Of course it was a humble place, a place for servants and animals and food and waste, not the place for a king. The more I learn of Jesus the more I understand that he could afford to be born in a barn. My friend Linds is in seminary, and one of her professors, a man called Hans Bayer, speaks often of humility.


He explains that humility is the idea that we can afford to let others be the best version of themselves, and this, in turn, makes us the best version of ourselves. The idea changed my life. Humility is the idea that I can afford to let others shine.

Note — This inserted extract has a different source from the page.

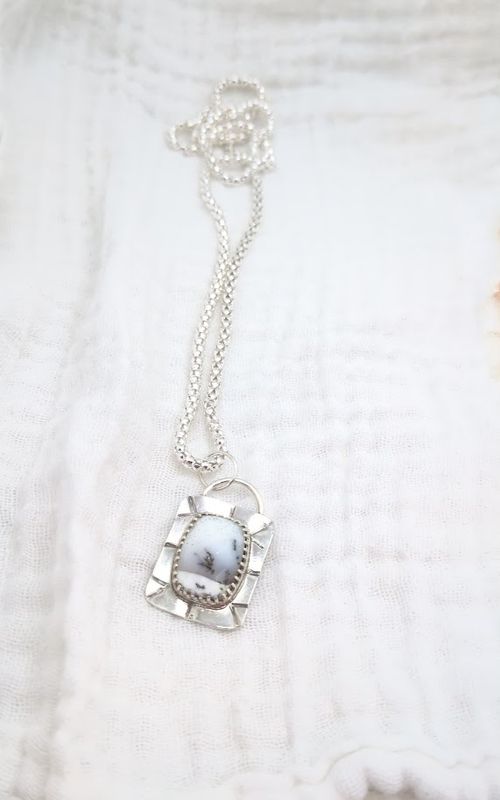 Savage Roots Magda Necklace Magda in Sterling Silver & Dendritic Opal Savage Roots Magda Necklace Magda in Sterling Silver & Dendritic Opal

Jesus was born in a barn and laid in a manger for more reasons than I could imagine. But I do know that the place matters. God is far too sovereign to be pushed aside by the smug innkeeper that lived in my childhood imagination. In this moment and in this season, the humility of his birth is a reminder that the King could afford to let others have a place to lay their head.


I want to be more like Jesus. I want to change in deep ways this season, in ways that make me understand that I can afford to let others...


Prayer:

Deliver me, O Jesus, from the desire of being loved, from the desire of being extolled or honored or praised or preferred. From the desires of being consulted, approved, popular.

Deliver me from the fear of being humiliated, despised, forgotten, wronged or ridiculed.

From the fear that others may be loved more than I; instead, Jesus, grant me the grace that I might desire it. That I might desire for others might be more esteemed than I. The desire that others may increase and I may decrease.


That they may be chosen and I set aside, them praised and I unnoticed. That others may become holier than me, but that you would make me as holy as I should be. Amen.